Thursday, November 3, 2016

Titus 3:3-7; John 3:3-8



We were in sin.  We make no contribution to our remedy for sin.  God has treated us, not as we deserve, but according to His Name.  He has had mercy on us that we might be saved (delivered).  But what, specifically, has been done to deliver us from the miry clay of sin and guilt?
·        He justified us (v7).  Legally, God has declared us righteous.  For God to do this and maintain His righteous character He had to judge His own Son in our place.  Christ paid the price (redemption); He took our punishment (propitiation). That is the subject of Romans.  But what did God have to do in us to justify us?  And remember, it is God’s work; we make no contribution.

·        He regenerated us (v5).  Regeneration refers to the new birth.  The other New Testament writers refer to being born again, born from above or born of the Spirit.  We have become a new creation; the old is gone, the new has come (2 Cor. 5:17).  But what does it mean, the washing of regeneration?  Some refer this to baptism, not that baptism causes regeneration or brings any grace at all, but that it symbolizes rebirth.  I believe a better explanation comes from the fact that washing is not the baptism word but rather refers to cleansing from sin that is the effect of regeneration.  It’s the same term as in Eph. 5:26, the washing by the word.  The cleansing of Christ in the new birth is, in fact, brought about by the gospel (1 Cor. 4:15), the word of truth (James 1:18).  

·        He renews us (v5).  Renewal and regeneration are clearly connected.  But how?  Some think it is the same work of the Spirit.  But the use of this term renewal elsewhere in the NT suggests differently ((cf. Col. 3:10; Rom. 12:2; Heb. 6:6; 2 Cor. 4:16).  These passages speak of being renewed, of renewal of the inner man day by day, and of the ongoing renewal of the mind.  As D. Edmond Hiebert says (Expositors Bible Commentary, p446):
The washing is viewed as producing an instantaneous change that ended the old life and began the new, while the work of renewal by the Spirit beginning with the impartation of the new life, is a lifelong activity in the experience of the believer.

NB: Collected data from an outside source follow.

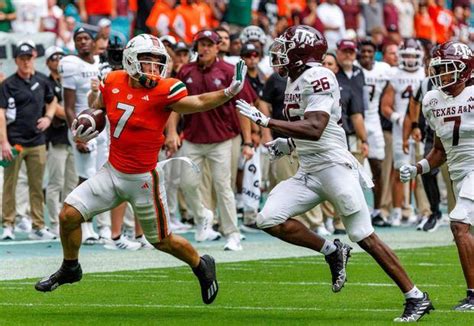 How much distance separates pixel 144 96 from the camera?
9.08 meters

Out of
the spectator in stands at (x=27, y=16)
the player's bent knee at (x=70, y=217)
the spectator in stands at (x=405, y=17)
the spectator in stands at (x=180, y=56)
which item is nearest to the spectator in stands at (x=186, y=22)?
the spectator in stands at (x=27, y=16)

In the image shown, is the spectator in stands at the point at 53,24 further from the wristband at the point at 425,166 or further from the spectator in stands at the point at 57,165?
the wristband at the point at 425,166

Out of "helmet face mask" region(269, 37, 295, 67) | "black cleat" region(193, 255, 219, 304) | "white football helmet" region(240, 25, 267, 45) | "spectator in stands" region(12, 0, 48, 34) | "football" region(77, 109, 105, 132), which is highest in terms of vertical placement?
"helmet face mask" region(269, 37, 295, 67)

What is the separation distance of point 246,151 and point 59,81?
2635mm

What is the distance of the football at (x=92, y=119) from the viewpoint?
30.2ft

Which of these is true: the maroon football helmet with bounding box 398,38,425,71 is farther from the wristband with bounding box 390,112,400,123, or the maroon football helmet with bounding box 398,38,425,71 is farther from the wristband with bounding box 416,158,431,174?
the wristband with bounding box 416,158,431,174

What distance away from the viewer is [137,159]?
30.0ft

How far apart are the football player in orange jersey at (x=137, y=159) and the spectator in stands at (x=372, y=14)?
14.3 metres

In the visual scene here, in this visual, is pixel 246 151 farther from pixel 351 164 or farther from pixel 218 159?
pixel 351 164

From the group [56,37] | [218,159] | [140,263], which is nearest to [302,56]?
[140,263]

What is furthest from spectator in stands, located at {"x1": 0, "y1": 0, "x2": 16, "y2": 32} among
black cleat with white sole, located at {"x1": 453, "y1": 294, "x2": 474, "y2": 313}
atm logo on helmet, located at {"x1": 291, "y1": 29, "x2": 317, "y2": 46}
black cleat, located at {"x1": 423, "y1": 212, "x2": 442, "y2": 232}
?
black cleat with white sole, located at {"x1": 453, "y1": 294, "x2": 474, "y2": 313}

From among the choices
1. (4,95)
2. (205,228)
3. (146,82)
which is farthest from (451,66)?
(4,95)

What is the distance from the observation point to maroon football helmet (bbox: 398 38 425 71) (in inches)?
642

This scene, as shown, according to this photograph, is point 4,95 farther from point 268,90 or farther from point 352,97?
point 352,97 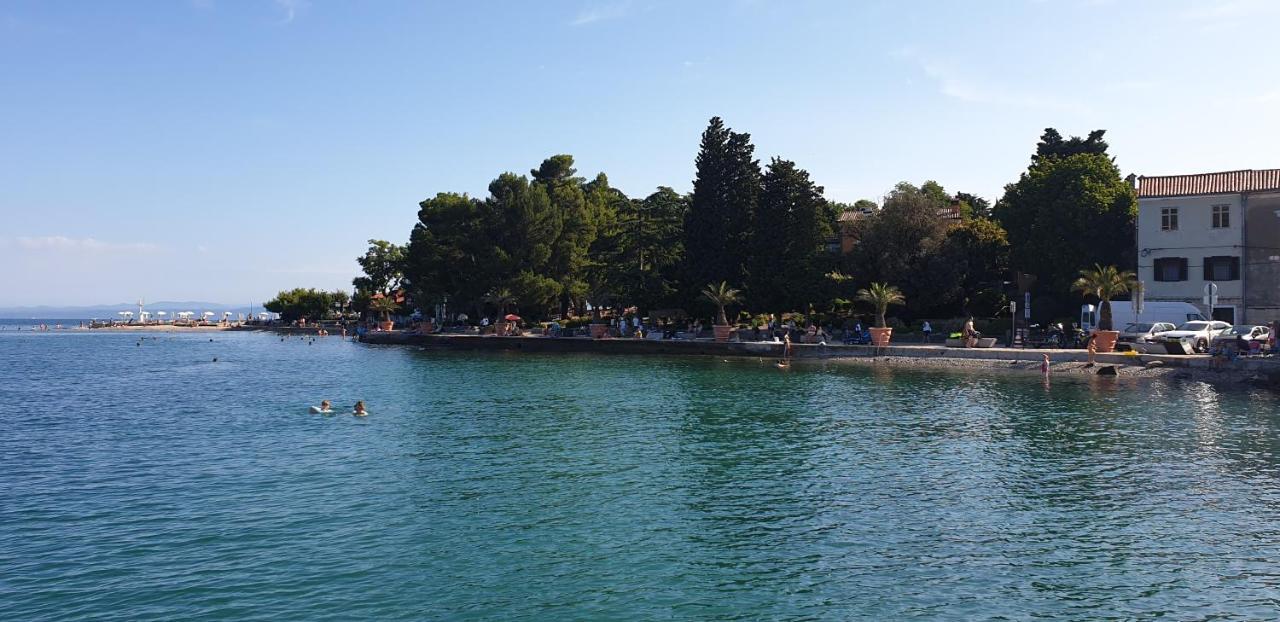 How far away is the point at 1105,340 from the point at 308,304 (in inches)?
4370

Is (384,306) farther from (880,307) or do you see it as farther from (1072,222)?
(1072,222)

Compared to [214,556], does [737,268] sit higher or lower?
higher

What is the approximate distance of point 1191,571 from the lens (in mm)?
13383

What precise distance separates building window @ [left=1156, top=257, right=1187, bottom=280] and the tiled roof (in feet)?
12.7

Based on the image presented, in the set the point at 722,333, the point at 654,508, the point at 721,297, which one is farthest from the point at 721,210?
the point at 654,508

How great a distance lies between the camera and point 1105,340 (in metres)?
43.8

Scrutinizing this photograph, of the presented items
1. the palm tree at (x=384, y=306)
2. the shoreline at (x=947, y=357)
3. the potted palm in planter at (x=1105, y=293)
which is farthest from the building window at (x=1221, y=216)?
the palm tree at (x=384, y=306)

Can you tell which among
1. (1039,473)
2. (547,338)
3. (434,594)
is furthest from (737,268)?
(434,594)

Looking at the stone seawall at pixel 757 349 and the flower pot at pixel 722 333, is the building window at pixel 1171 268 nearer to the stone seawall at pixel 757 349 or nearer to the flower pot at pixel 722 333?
the stone seawall at pixel 757 349

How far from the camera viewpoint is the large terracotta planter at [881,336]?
5109 centimetres

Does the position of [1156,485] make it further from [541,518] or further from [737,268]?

·        He fulfilled His will in us (v7).  God’s purpose for us was that we should be holy and blameless (Eph. 1:4).  Thus He predetermined that we should be His sons by adoption (Eph. 1:5).  And what does this say of the believer?  It says he is the heir of God.  You cannot be an heir and have the inheritance God has determined is yours in Christ unless you have become, by the new birth, His son!  Again, how glorious to know that Christ has made us His special people.  The blessings are unending.

Are you saved?  You are if you have believed the gospel by which you are born again.  Are you being saved?  You are if you are being renewed day by day.